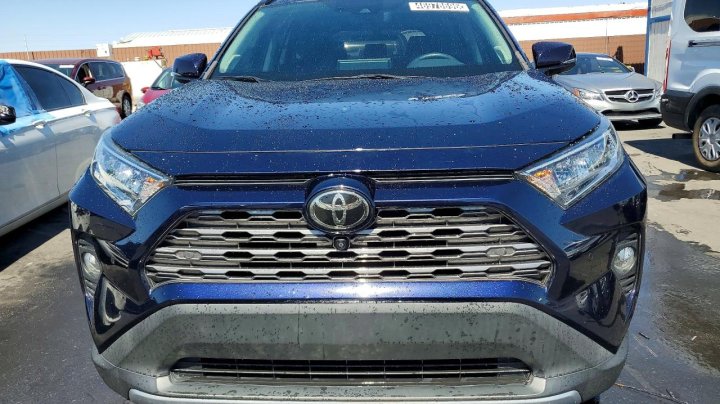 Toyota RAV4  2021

########################################

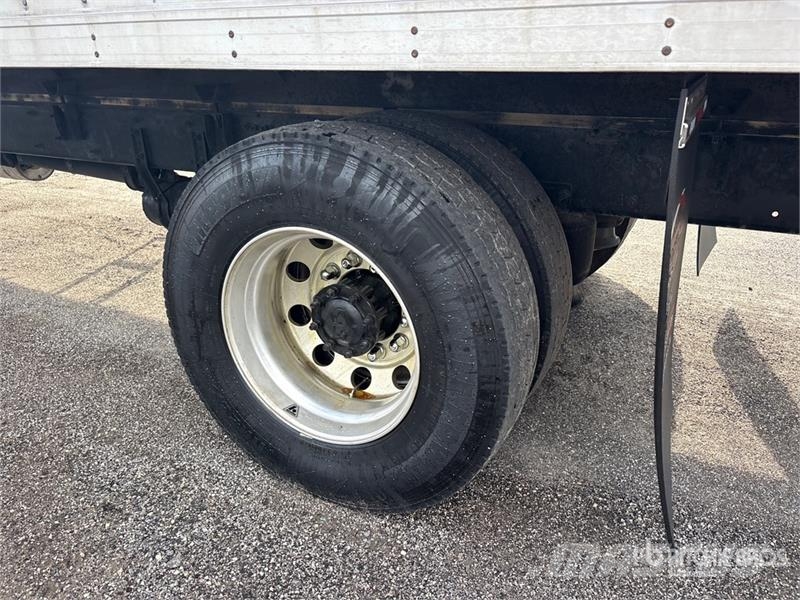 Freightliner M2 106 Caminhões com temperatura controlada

########################################

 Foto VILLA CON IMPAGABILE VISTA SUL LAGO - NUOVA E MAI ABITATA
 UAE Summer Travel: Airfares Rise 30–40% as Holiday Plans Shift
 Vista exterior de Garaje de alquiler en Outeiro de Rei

########################################

◆ **What is required**:
Please return the lines above that run from the line containing "UAE Summer Travel: Airfares" to the line containing "Vista exterior de", inclusive, exactly and with no other lines.

◆ **Your response**:
 UAE Summer Travel: Airfares Rise 30–40% as Holiday Plans Shift
 Vista exterior de Garaje de alquiler en Outeiro de Rei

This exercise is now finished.